**EXERCISE**
Output exactly the lines below, starting with the line that has "Меню и аватар" and going on through the line that has "Complimentary snack set", both included, and no other lines.

**THE RECORDS**
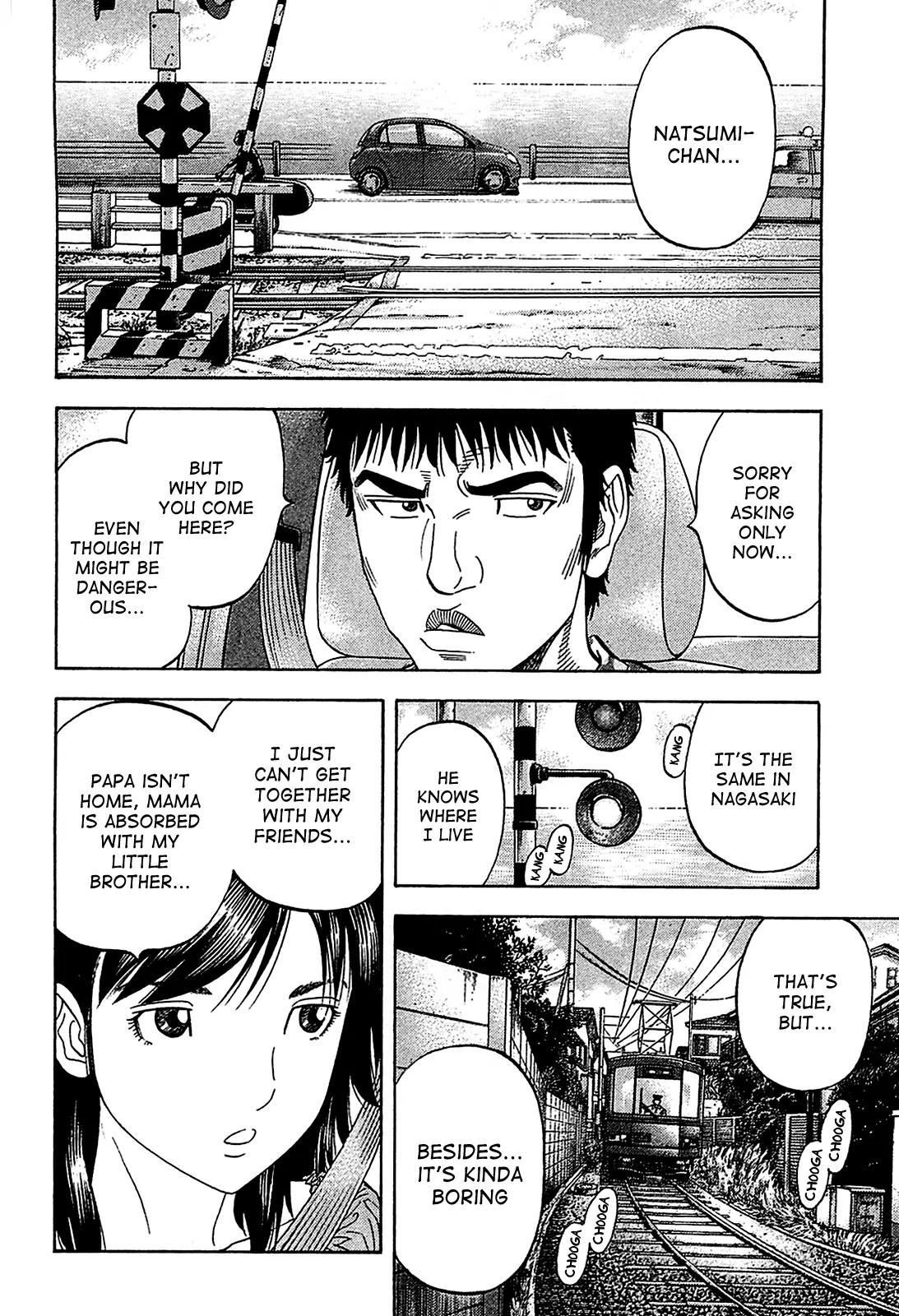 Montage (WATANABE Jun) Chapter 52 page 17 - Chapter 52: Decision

...

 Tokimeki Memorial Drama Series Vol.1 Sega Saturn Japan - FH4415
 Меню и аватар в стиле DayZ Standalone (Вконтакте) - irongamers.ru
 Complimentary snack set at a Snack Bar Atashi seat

**OUTPUT BELOW**
 Меню и аватар в стиле DayZ Standalone (Вконтакте) - irongamers.ru
 Complimentary snack set at a Snack Bar Atashi seat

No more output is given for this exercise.